# Input data
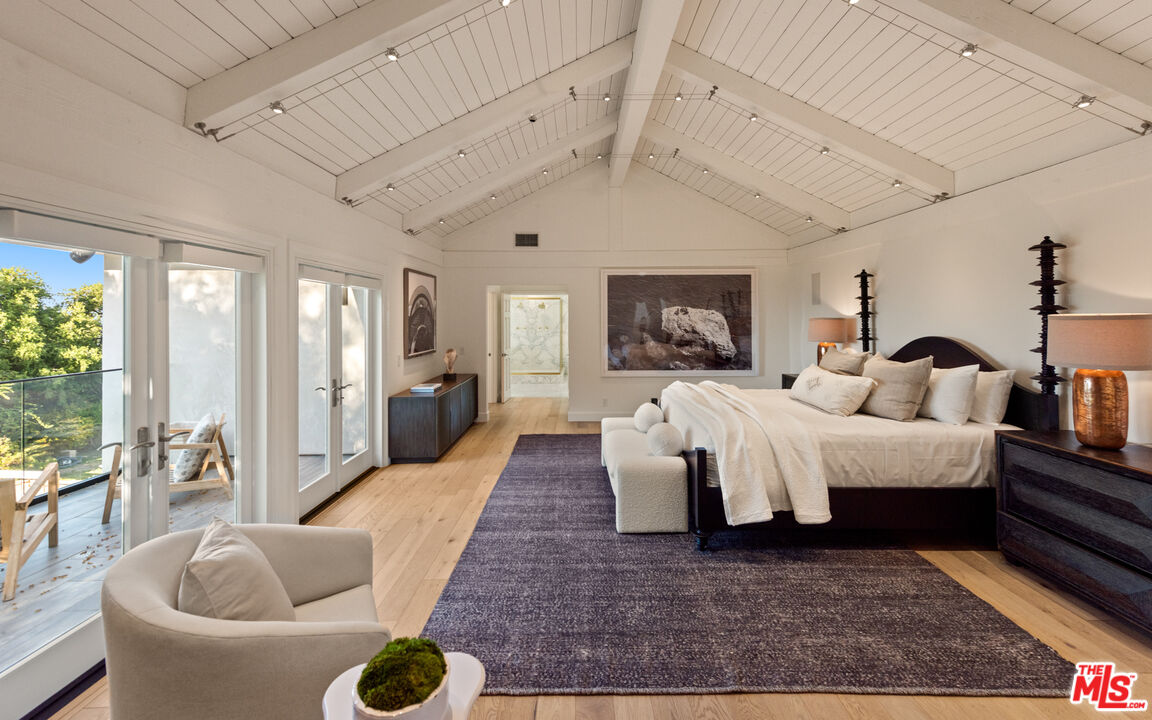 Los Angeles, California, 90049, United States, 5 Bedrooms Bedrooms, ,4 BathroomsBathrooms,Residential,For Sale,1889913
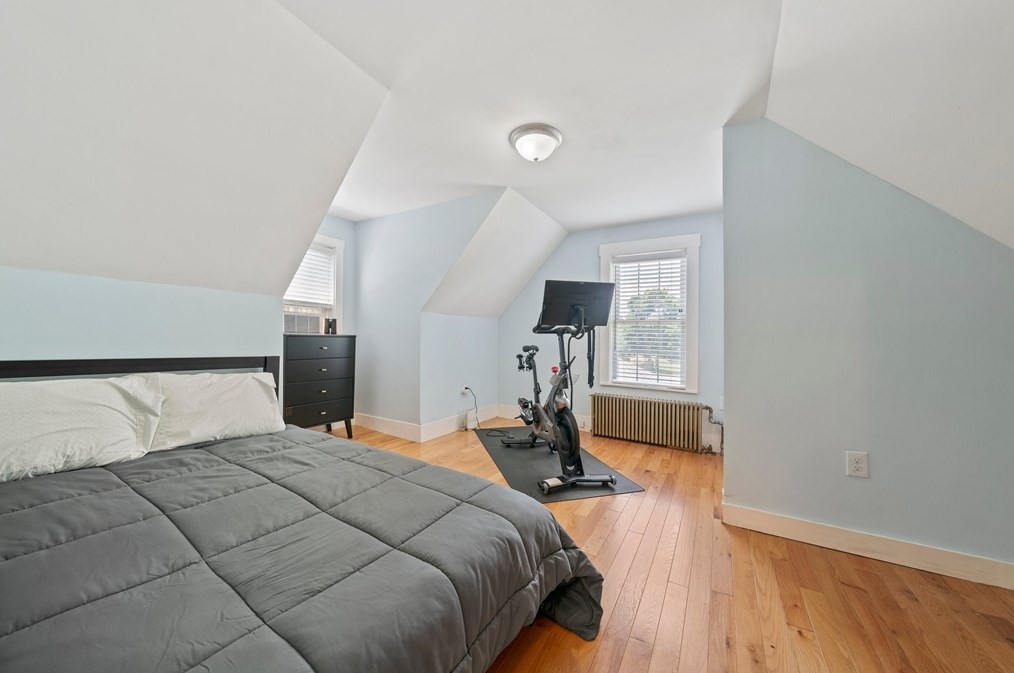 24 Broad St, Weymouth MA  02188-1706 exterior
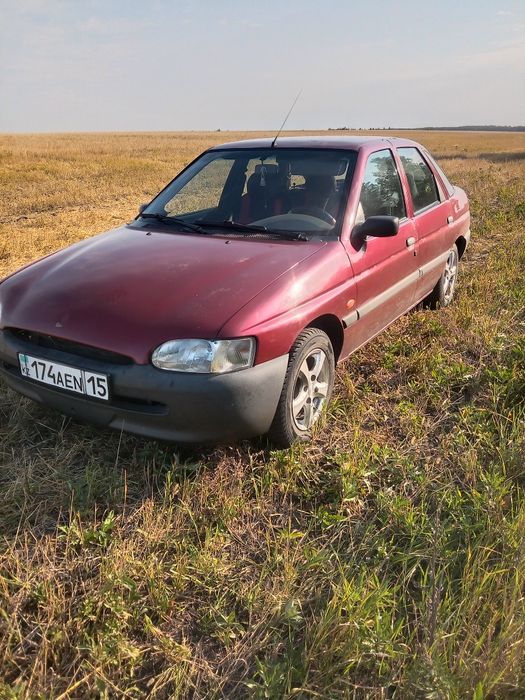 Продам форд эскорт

# What the task asks
Nothing but the lines from the one holding "24 Broad St, Weymouth" through the last line of the listing should appear in the answer, copied exactly and without pictures.

# Exercise solution
 24 Broad St, Weymouth MA  02188-1706 exterior
 Продам форд эскорт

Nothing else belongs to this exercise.